== Data for this task ==
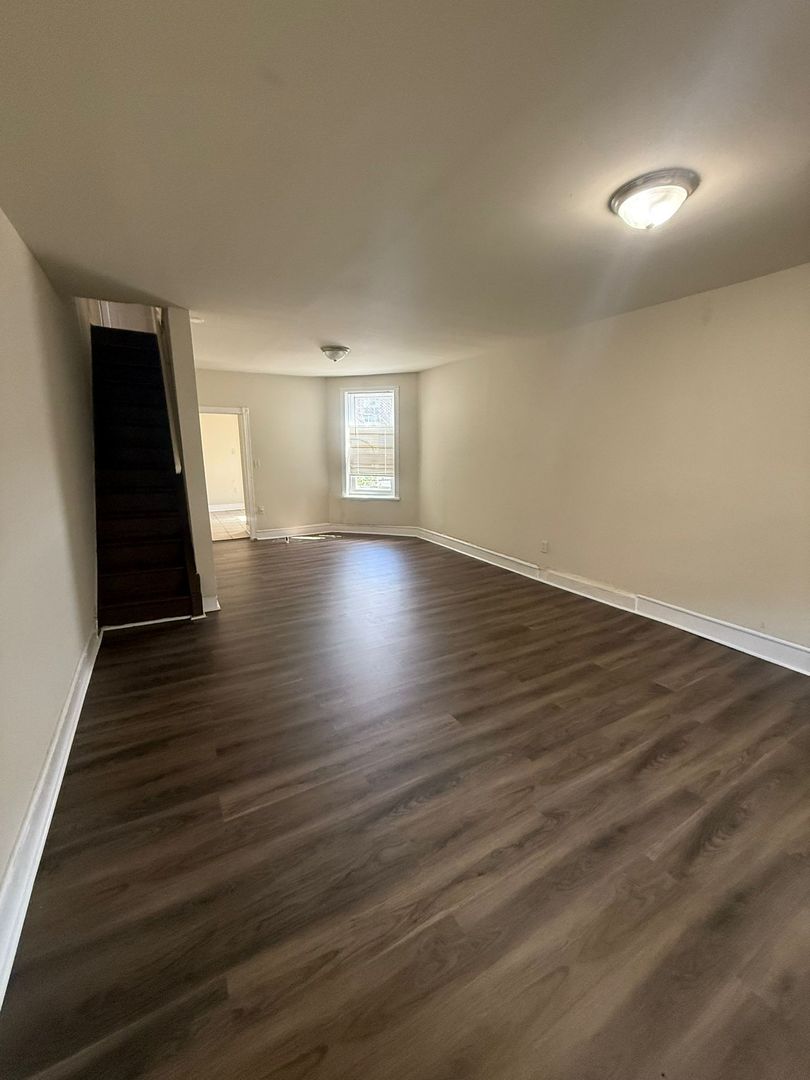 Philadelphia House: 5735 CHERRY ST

* * *

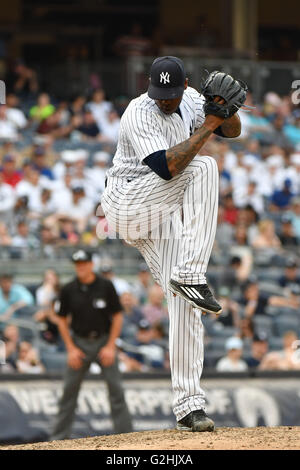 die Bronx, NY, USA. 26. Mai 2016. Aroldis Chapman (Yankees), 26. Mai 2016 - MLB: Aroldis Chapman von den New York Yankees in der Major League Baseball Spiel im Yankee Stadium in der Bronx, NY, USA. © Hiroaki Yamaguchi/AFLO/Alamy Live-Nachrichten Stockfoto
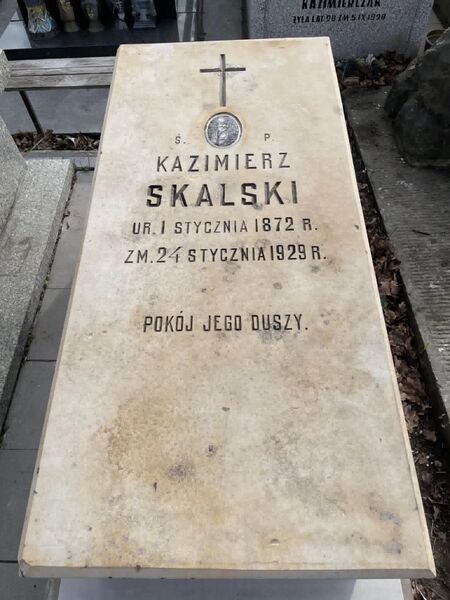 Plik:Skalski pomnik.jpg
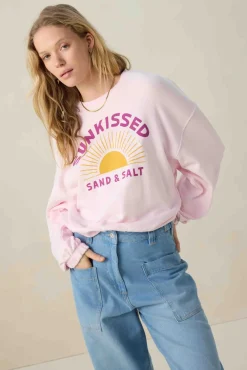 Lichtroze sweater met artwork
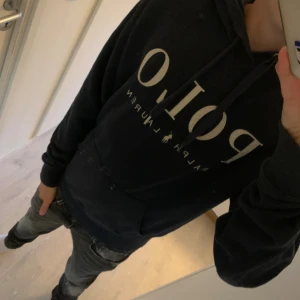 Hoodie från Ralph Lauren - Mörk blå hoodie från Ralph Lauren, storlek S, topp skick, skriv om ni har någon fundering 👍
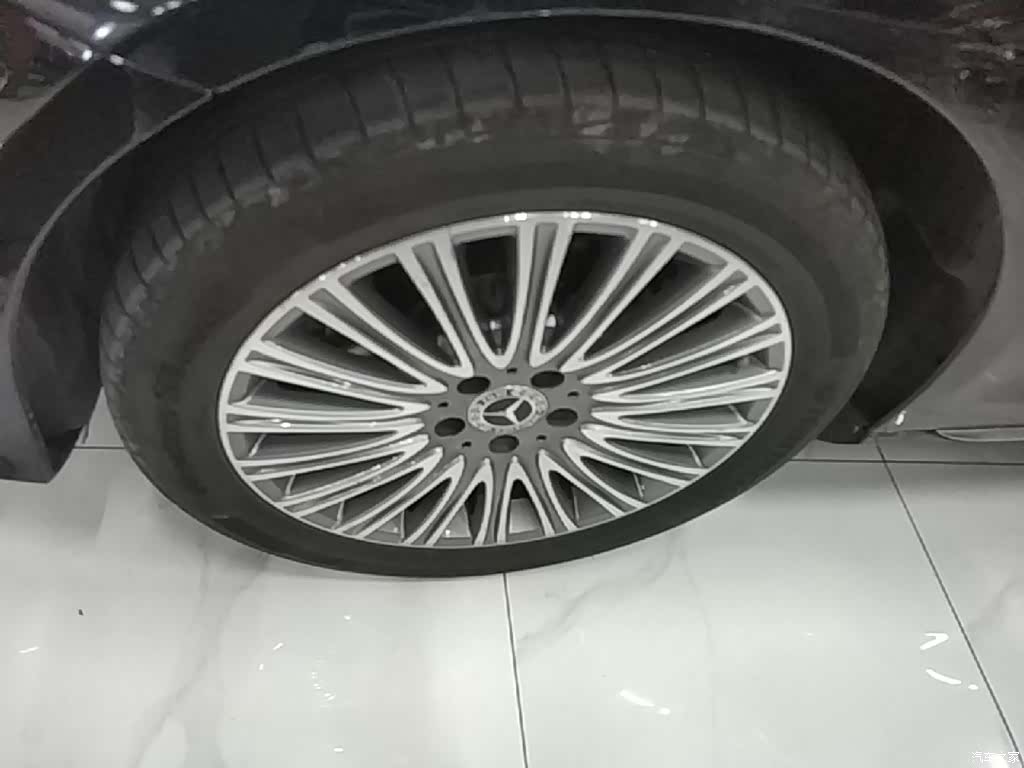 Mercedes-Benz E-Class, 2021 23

==

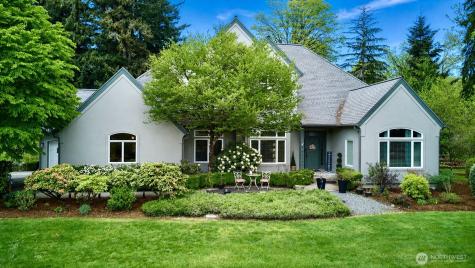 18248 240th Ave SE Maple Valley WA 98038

== Work order ==
Repeat exactly the stretch of the listing above that starts with the line holding "Hoodie från Ralph Lauren - Mörk" and finishes with the line holding "Mercedes-Benz E-Class, 2021 23", both included. Skip every picture.

== Solution to this problem ==
 Hoodie från Ralph Lauren - Mörk blå hoodie från Ralph Lauren, storlek S, topp skick, skriv om ni har någon fundering 👍
 Mercedes-Benz E-Class, 2021 23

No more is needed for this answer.